OpenVPN 3 Linux is an OpenVPN platform which builds on capabilities available on newer Linux distributions. Compared to the more classic OpenVPN 2.x generation, OpenVPN 3 Linux covers many more aspects of the VPN configuration and session life-cycle than prior OpenVPN generations did.

To quickly compare them, OpenVPN 2.x provides a single executable which is responsible for a single VPN session. There are no configuration or session management in OpenVPN 2.x itself, it depends on the systemd [email protected] and [email protected] unit files, the Network Manager OpenVPN plug-in or other third-party management tools.

OpenVPN 3 Linux provides full configuration and session management in addition to providing the VPN tunnel itself. For example, it has built in privilege separation and execution models, for improved process security. This allows unprivileged users to start their own VPN sessions and manage them themselves. VPN configuration profiles can be shared with other users on the system or kept private. All without installing anything additionally.

Through this privilege separation model, the network configuration aspect of the VPN tunnel is split out into its own process which runs with as few privileges as possible. In practice that means it can only do network configuration changes. This process knows nothing about the connection to the VPN server, it just facilitates creating the virtual network adapter and configuring it with network routes. This network configuration service is also capable of setting up the DNS resolver out-of-the-box. For OpenVPN 2.x to do that, it would need to run additional scripts or use specific plug-ins to trigger such updates on the system.

The same OpenVPN 3 Core library which is used in the OpenVPN Connect clients is also used in this project. This implementation does not support all options OpenVPN 2.x does, but if you have a functional configuration with OpenVPN Connect (typically on Android or iOS devices) it should work with this client. In general OpenVPN 3 supports routed TUN configurations; TAP and bridged setups are not supported and will not work.

The OpenVPN 3 Linux architecture is based on splitting up the functionality into several independently running services. They are referred to as backend services. The interaction with these services happens through what is referred to as a user front-end. This project also ships with a Python 3 module which can be used to implement your own OpenVPN front-ends.

On a more technical level, the integration between the user front-end and the backend services is built on top of D-Bus.

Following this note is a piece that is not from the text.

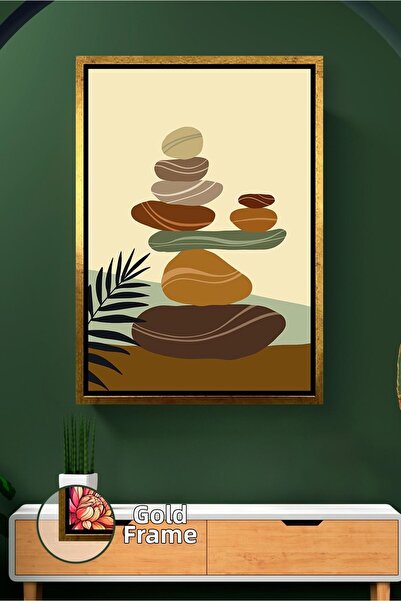 KOSS Dijital Decor de perete în stil boho, abstract, boem, cu figuri de echil...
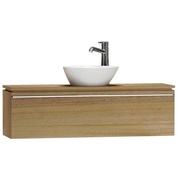 Тумба для раковины VitrA System Fit 120x34x37.5 см натуральное дерево ручка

Any programming language supporting D-Bus can also be used to extend and implement a richer functionality.

Pre-built binaries

See the instructions on https://community.openvpn.net/openvpn/wiki/OpenVPN3Linux how to install pre-built OpenVPN 3 Linux packages on Debian, Ubuntu, Fedora and Red Hat Enterprise Linux.

Getting started using OpenVPN 3 Linux

See the QUICK-START document to get started using OpenVPN 3 Linux.

Introduction to the OpenVPN 3 Linux architecture

To interact with the various OpenVPN 3 services running in the background, three different utilities are provided.

  • openvpn2 (man page)

    This is an interface which tries to look and behave more like the classic OpenVPN 2.x versions. It does only allow options which are supported by the OpenVPN 3 Core Library, plus there are a handful options which are ignored as it is possible to establish connections without those options active. Only client side options are supported.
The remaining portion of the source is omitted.